▸ **TASK PROMPT**
A verbatim repeat of the lines below is required, with the pictures removed.

▸ **INFORMATION PROVIDED**
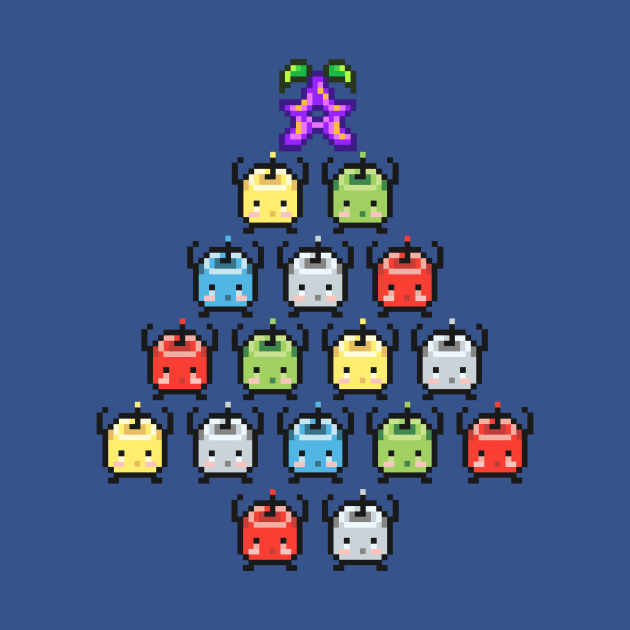 Junimo Xmas Tree by TASCHE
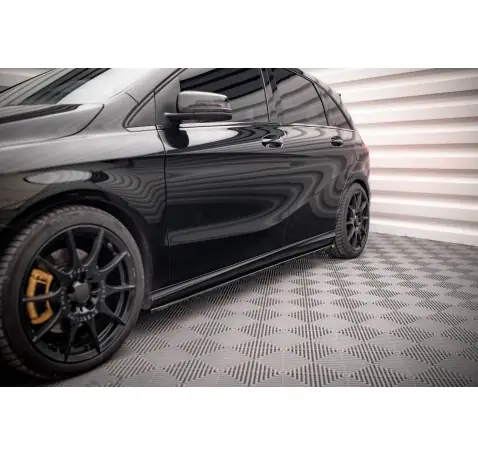 Rajouts Des Bas De Caisse Mercedes-Benz B W246 Facelift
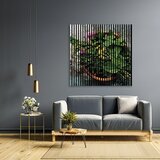 PROFILES AND MORE Akustični panel Cvijeće (1.195 x 1.133 x 19 mm) | shoptok.hr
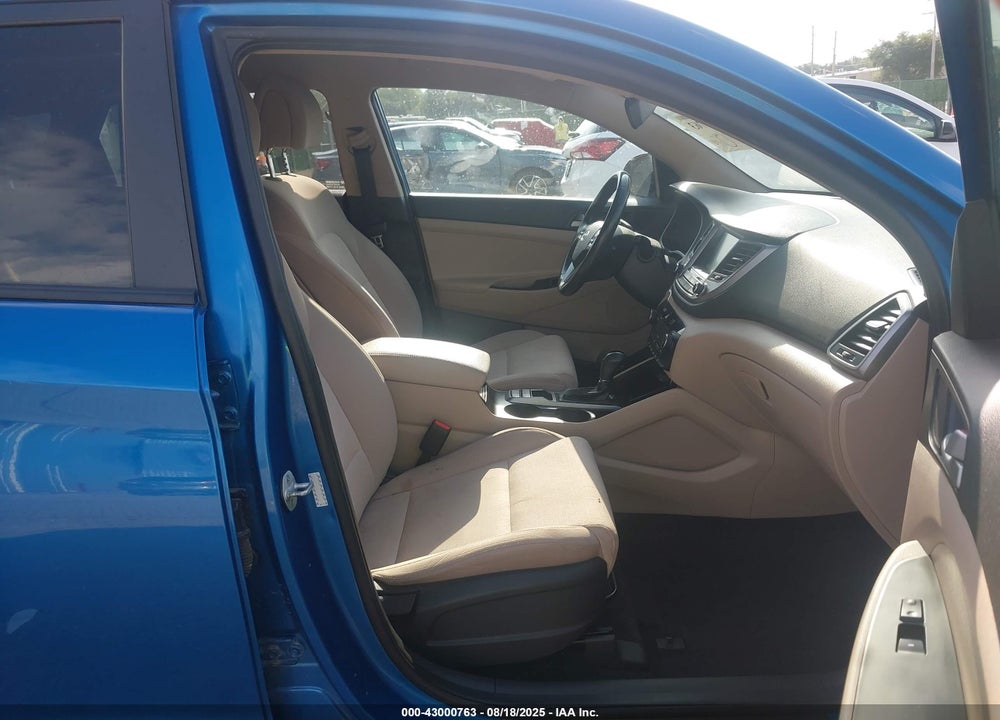 2018 HYUNDAI TUCSON SPORT VIN: KM8J3CAL9JU793147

▸ **RESPONSE BELOW**
 Junimo Xmas Tree by TASCHE
 Rajouts Des Bas De Caisse Mercedes-Benz B W246 Facelift
 PROFILES AND MORE Akustični panel Cvijeće (1.195 x 1.133 x 19 mm) | shoptok.hr
 2018 HYUNDAI TUCSON SPORT VIN: KM8J3CAL9JU793147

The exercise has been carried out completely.